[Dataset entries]
•••

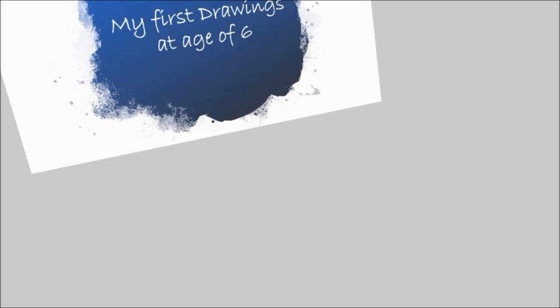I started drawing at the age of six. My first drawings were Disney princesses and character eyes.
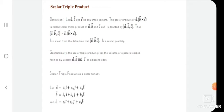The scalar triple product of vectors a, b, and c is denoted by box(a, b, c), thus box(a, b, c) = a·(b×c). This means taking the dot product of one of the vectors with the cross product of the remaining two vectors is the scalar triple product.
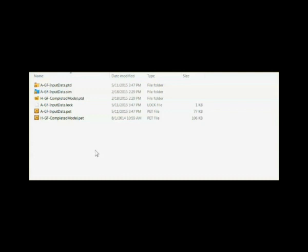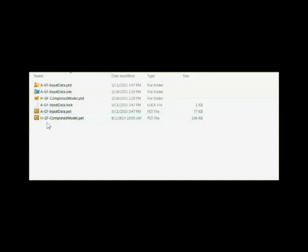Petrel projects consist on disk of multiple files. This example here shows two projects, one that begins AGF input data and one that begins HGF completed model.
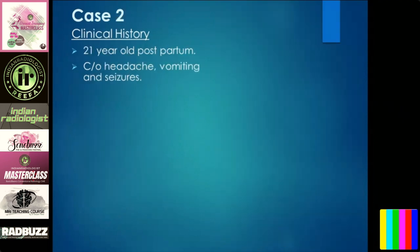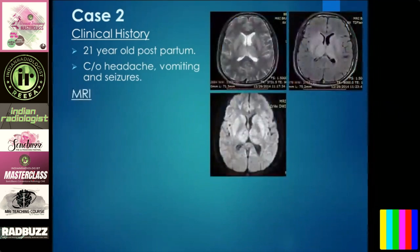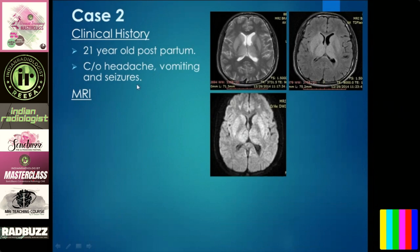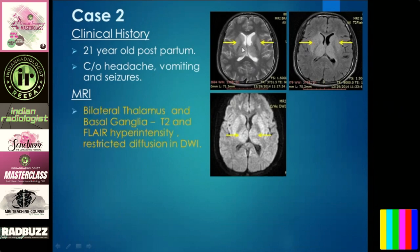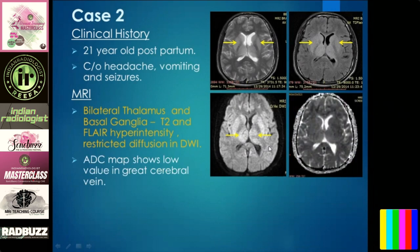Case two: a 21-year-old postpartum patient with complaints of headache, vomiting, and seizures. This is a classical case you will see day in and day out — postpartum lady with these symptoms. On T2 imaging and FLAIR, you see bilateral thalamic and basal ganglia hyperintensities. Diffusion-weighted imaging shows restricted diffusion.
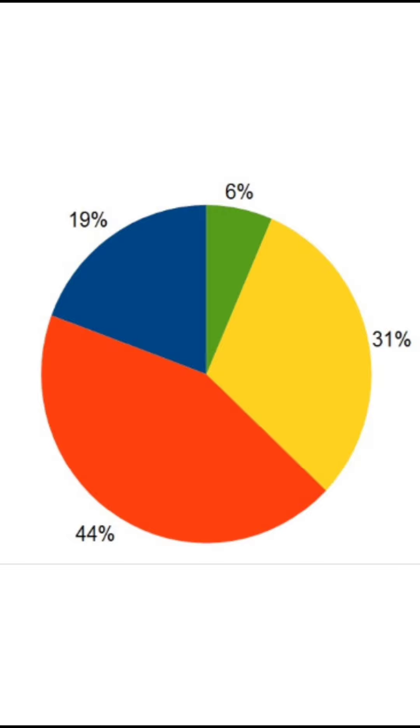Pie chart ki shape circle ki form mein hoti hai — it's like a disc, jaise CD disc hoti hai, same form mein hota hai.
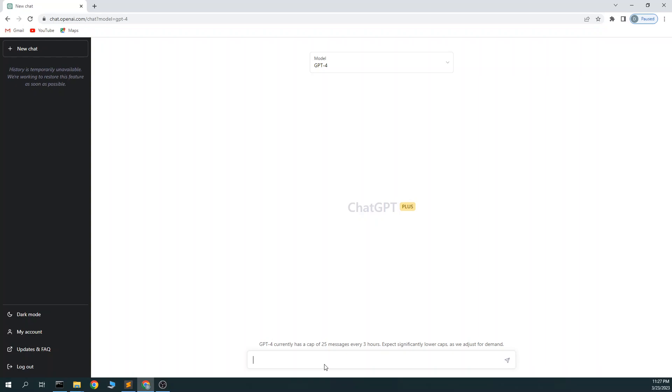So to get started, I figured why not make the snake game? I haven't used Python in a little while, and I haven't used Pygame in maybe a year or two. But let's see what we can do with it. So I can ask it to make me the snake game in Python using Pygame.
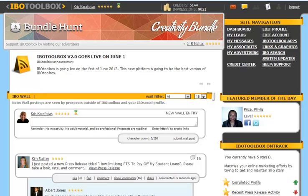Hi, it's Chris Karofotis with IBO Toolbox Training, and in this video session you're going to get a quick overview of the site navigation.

•••

What is required
Starting at the line above that has "Petrel projects consist" and ending at the line that has "Pie chart ki", copy each line exactly, leaving the pictures out and adding nothing.

Reply
Petrel projects consist on disk of multiple files. This example here shows two projects, one that begins AGF input data and one that begins HGF completed model.
Case two: a 21-year-old postpartum patient with complaints of headache, vomiting, and seizures. This is a classical case you will see day in and day out — postpartum lady with these symptoms. On T2 imaging and FLAIR, you see bilateral thalamic and basal ganglia hyperintensities. Diffusion-weighted imaging shows restricted diffusion.
Pie chart ki shape circle ki form mein hoti hai — it's like a disc, jaise CD disc hoti hai, same form mein hota hai.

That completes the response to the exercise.